An Eastern Texas Federal Court has ruled Apple’s Cover Flow interface feature infringes on patents owned by Mirror Worlds, and has ordered the Cupertino-based company to pay US$208.5 million in damages, according to Bloomberg.
Apple’s Cover Flow Interface
Mirror Worlds filed its case against Apple on March 14, 2008 alleging that the Cover Flow and Time Machine interface styles showing files or albums flipping back and forth violates patents it owns. Despite the fact that many of the concepts were in use in Apple’s Hypercard product years before the patents were filed, a jury ruled in favor of Mirror Worlds.
The jury’s verdict wasn’t clear as to whether Apple must pay a lump sum of $208.5 million, or pay that amount individually for each of the three patents they ruled Apple violated.
Apple hasn’t commented on the jury’s ruling.


7 Comments Leave Your Own
Oh this is so going to be appealed. The paperwork is likely already being processed.
Some Lawyers in Texas need to be given the death penalty.
The patent battles will never end. Are the courts and juries really equipped for this debates over intellectual property, user interfaces, etc.? Is it valid to patent something that someone else is already using but perhaps hasn’t patented?

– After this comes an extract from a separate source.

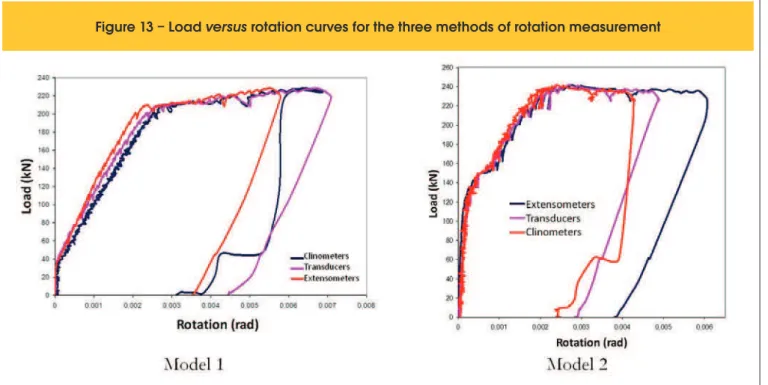 Figure 13 – Load versus rotation curves for the three methods of rotation measurement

No. This has been proven over and over as juries rule out of sympathy rather that the facts and plaintiffs hunt for courts, like East Texas, where they can win more often and bigger. The first case like this I was aware of was in the late ‘70s. A guy sued Kawasaki. He had bought a motorcycle, never maintained it. Never read the manual. Never did anything except put gas in it and ride. Eventually the chain jumped the sprocket and he crashed. His negligence was obvious but they jury game him a large cash award anyway. I never found out what happened on appeal.

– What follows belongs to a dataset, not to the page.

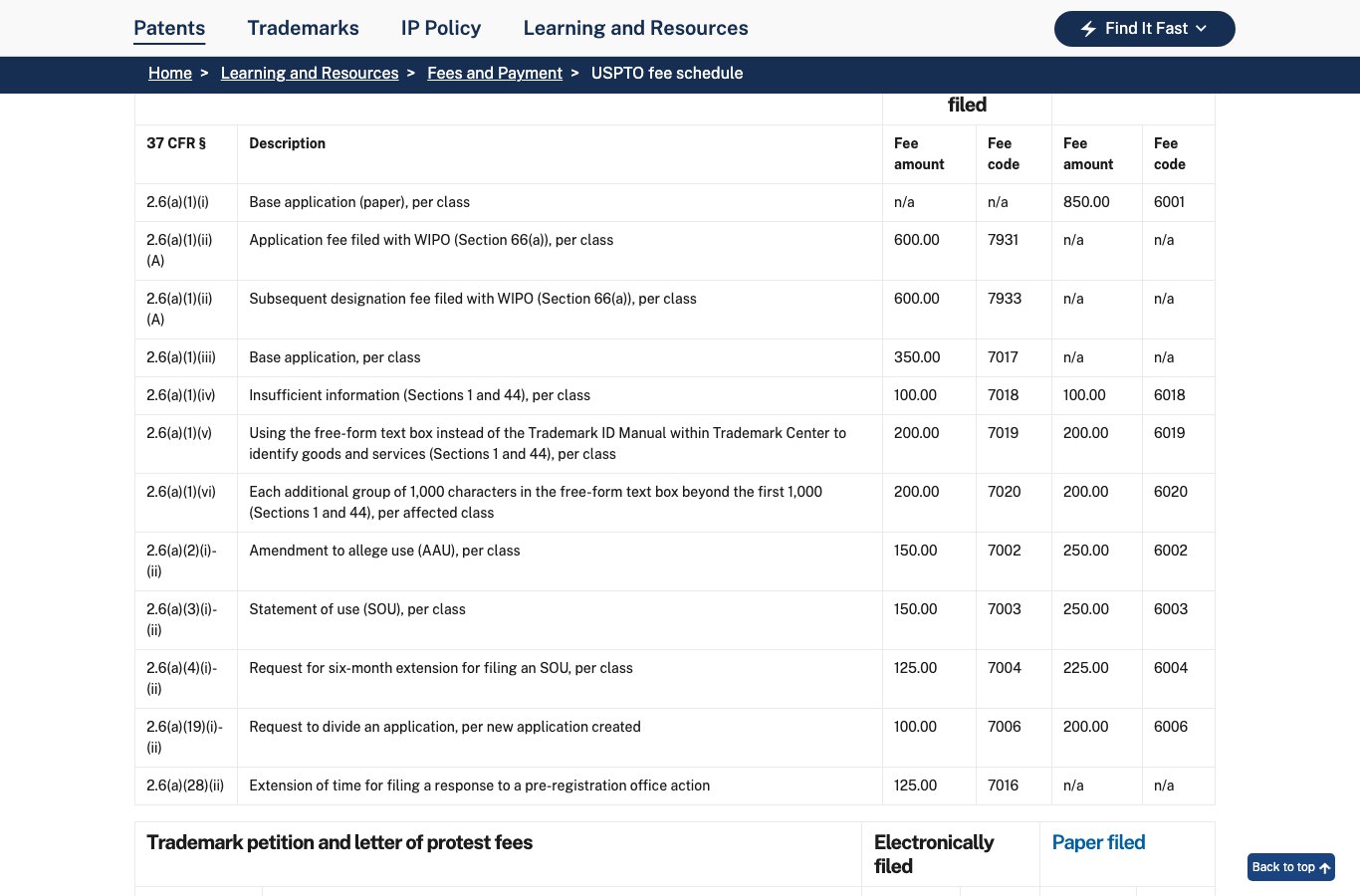 Extract from the official USPTO fee schedule showing the trademark application fees per class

You can try but assuming it is well known, the ‘prior art’ rules should prevent the patent from being issued. It wouldn’t necessarily apply if you were the only one using it.
$208.5 million just does not sound like very much for violating patents on cover flow…..
As expected Apple is fighting it.
What was Bryan Chafin referrring to when he said,
What was Hypercard’s version of this CoverFlow-ish technology, and why was it not pertinent as discrediting prior art against Mirror Worlds’ claims in the Texas (kangaroo) court?